High-Temperature Gibbs States are Unentangled and Efficiently Preparable

TL;DR

This paper proves that high-temperature Gibbs states of local Hamiltonians are unentangled and can be efficiently approximated by shallow quantum circuits, resolving the question of entanglement presence at high temperatures.

Contribution

It establishes a temperature threshold above which thermal states are separable and provides an efficient method to sample and prepare these states.

Findings

Thermal states are separable above a certain temperature threshold.

Efficient classical sampling of high-temperature Gibbs states is possible.
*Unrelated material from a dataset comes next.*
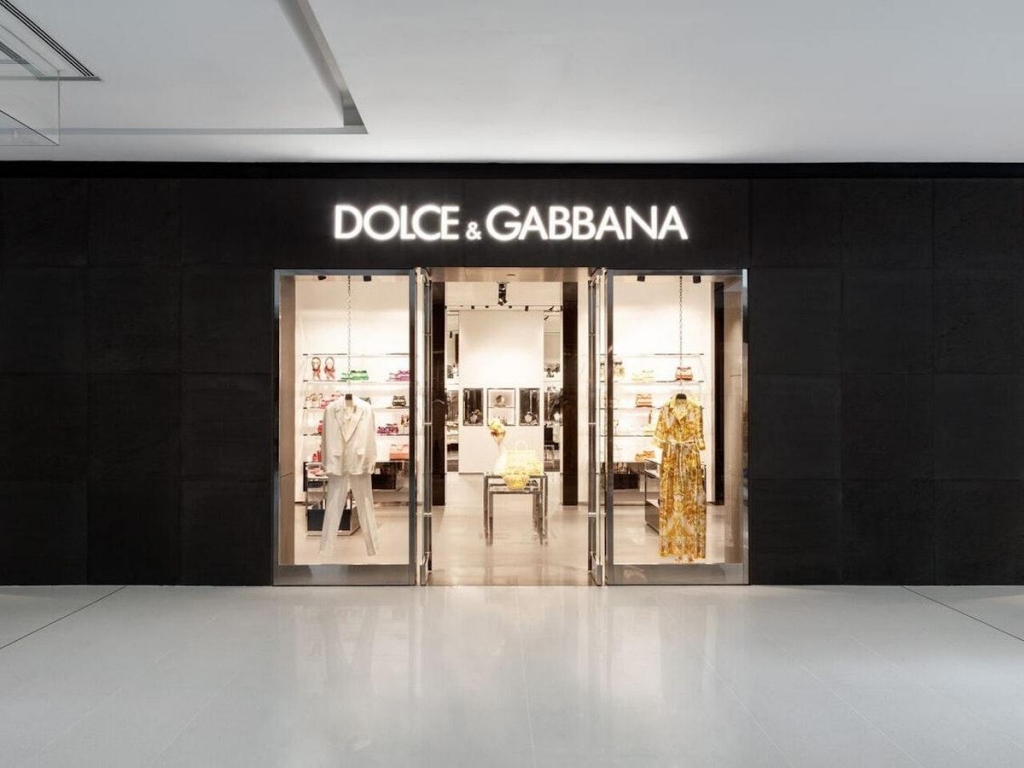 Fachada preta da loja Dolce & Gabbana com letreiro iluminado e vitrines expondo roupas e acessórios em fundo branco - lojas de luxo em São Paulo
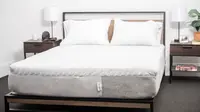 White mattress with pillows but without sheets.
States close to the Gibbs state can be prepared with shallow quantum circuits.

Abstract

We show that thermal states of local Hamiltonians are separable above a constant temperature. Specifically, for a local Hamiltonian $H$ on a graph with degree $\mathfrak{d}$, its Gibbs state at inverse temperature $\beta$, denoted by $\rho = e^{-\beta H}/ \operatorname{tr}(e^{-\beta H})$, is a classical distribution over product states for all $\beta < 1/(c\mathfrak{d})$, where $c$ is a constant. This proof of sudden death of thermal entanglement resolves the fundamental question of whether many-body systems can exhibit entanglement at high temperature. Moreover, we show that we can efficiently sample from the distribution over product states. In particular, for any $\beta < 1/( c \mathfrak{d}^2)$, we can prepare a state $\varepsilon$-close to $\rho$ in trace distance with a depth-one quantum circuit and $\operatorname{poly}(n, 1/\varepsilon)$ classical overhead.